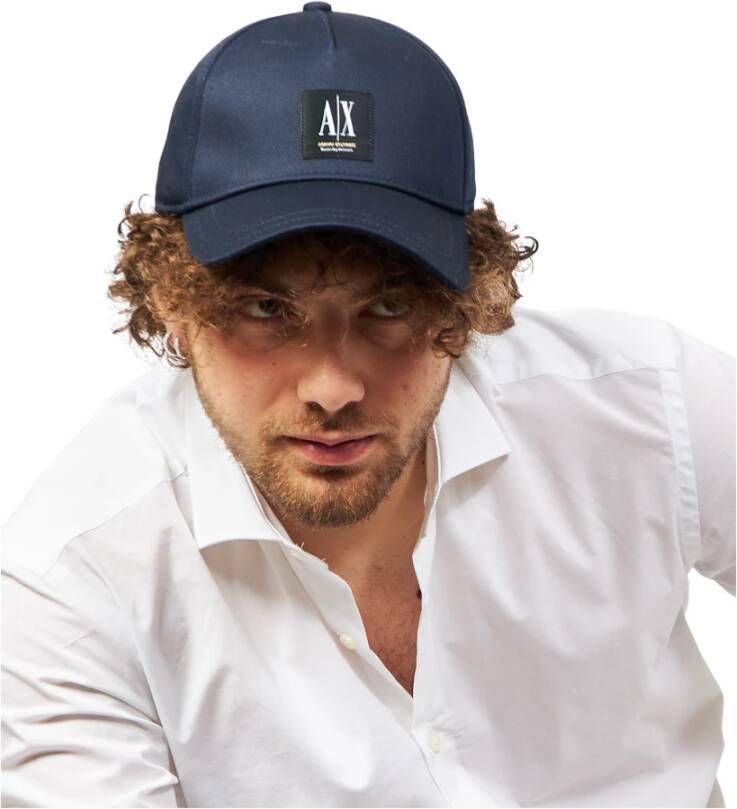 Armani Exchange Caps Blauw Heren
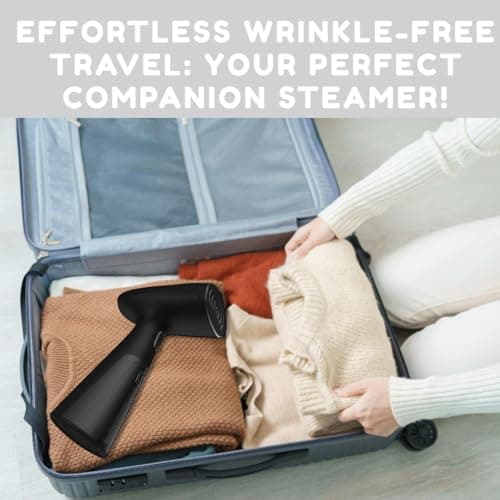 Travel Garment Steamer, Handheld Steamer for Clothes, Fast Heat-Up in 30 Seconds, 1000W Portable Steamer with 120ml Water Tank, Removes Wrinkles from Clothes, Garments, and Fabrics 6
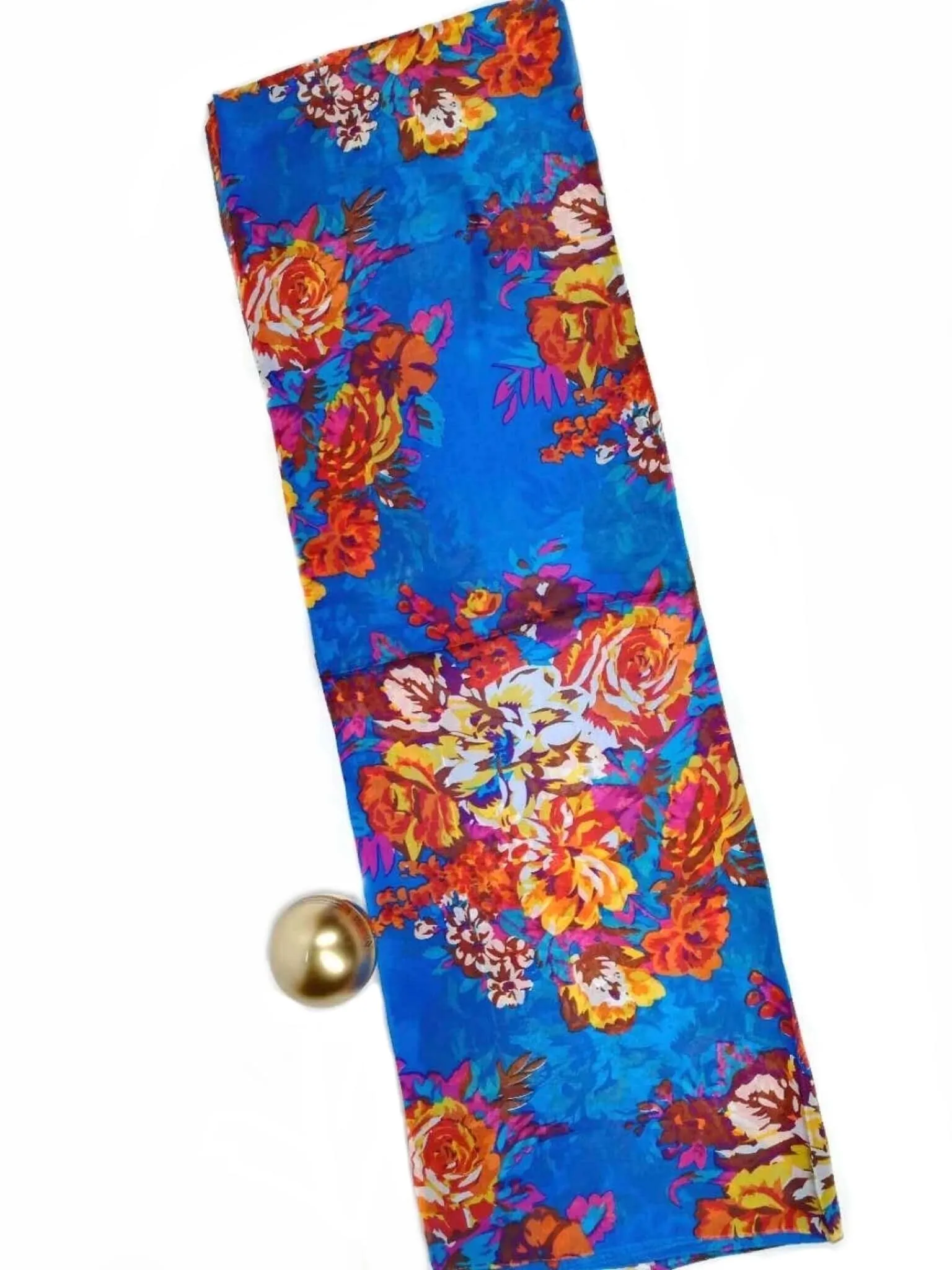 Rainbow Range| Large Silk Scarf Flora Mix Blue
────────────────
## Work required
Would you restate word for word only the lines from the one containing "Travel Garment Steamer, Handheld" to the final line of the material, both ends included, without any pictures?

## Output below
 Travel Garment Steamer, Handheld Steamer for Clothes, Fast Heat-Up in 30 Seconds, 1000W Portable Steamer with 120ml Water Tank, Removes Wrinkles from Clothes, Garments, and Fabrics 6
 Rainbow Range| Large Silk Scarf Flora Mix Blue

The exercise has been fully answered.